Start of European Farming Culture




This map shows the location of the earliest agricultural domestications known to archaeology which were apparently done simultaneously by Akkadian speakers living in the northern fertile crescent and Sumerian speakers living in the southern part along the Tigris and Euphrates rivers. The Akkadians included animal husbandry along with crop harvesting. The Sumerians invented the first writing to keep track of their harvests and they wrote in a pictographic form of cuneiform. The Akkadians later adopted that style of writing to their own language as they settled down.
Image from 2005 slide show by Clifton Little. Online at: https://slideplayer.com/slide/13686958/
This map shows the spread of farming from the Akkadian fertile crescent as determined by archaeology. These farmers started migrating as the ice started melting from the Ice Age around 9600 BCE. They reached Britain by 4100 BCE. Akkadian is the native language of fertile crescent as revealed by ancient local cuneiform texts. The 2 branches of migration (north and south) through Europe is often reflected in the differing etymologies of the same word (example "cinder").

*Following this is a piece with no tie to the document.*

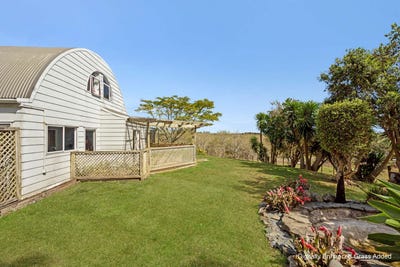 /international/nz/149-booth-road-wellsford-auckland-380119831993/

Map from Gronenborn, D., & Horejs, B. (2023). Online at: https://www.academia.edu/9424525/Map_Expansion_of_farming_in_western_Eurasia_9600_4000_cal_BC_update_vers_2023_1_?email_work_card=title




The spread of farming was done by a movement of people as shown by this genetic similarity study for female mitochondrial DNA comparing modern populations with Neolithic burials in the northern Germany cemetery at Derenburg dating to the Linear Pottery culture of 5500-4500 BCE. Mitochondria are cellular organelles which only exist outside the cell nucleus which holds the DNA. They generate energy for the cell. Because of this only eggs contain them and so they can only be passed through the female line.

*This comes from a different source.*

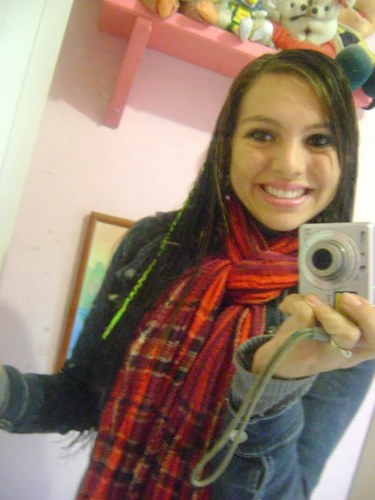 Uma garota de 17 anos que mora numa pequena cidade no Oeste Catarinense, que tem uma vontade louca de mostrar para o mundo quanto pode ser e fazer a diferença.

(May 20, 2025) This map shows the location of Gobleki Tepe (9500 BCE to 8000 BCE) along with other important Neolithic Akkadian sites in the highlands surrounding the Tigris and Euphrates river.
Map online at: https://labrumadelolimpo.blogspot.com/2020/07/gobekli-tepe-el-primer-templo-de-la.html




(January 22, 2026) How do we know that the Neolithic farmers were Akkadian speakers? One line of evidence is that all the European runestones were written in Akkadian. Runic texts are texts using words without inner vowels. They were originally more like memory aid devices for trade and temple. This means they only have a simple grammar based upon word position and are not very expressive. It would take Greek and Latin poets, bards, and rhetoricians, to add inner vowels to the runic letters to make the expressive written languages of Europe.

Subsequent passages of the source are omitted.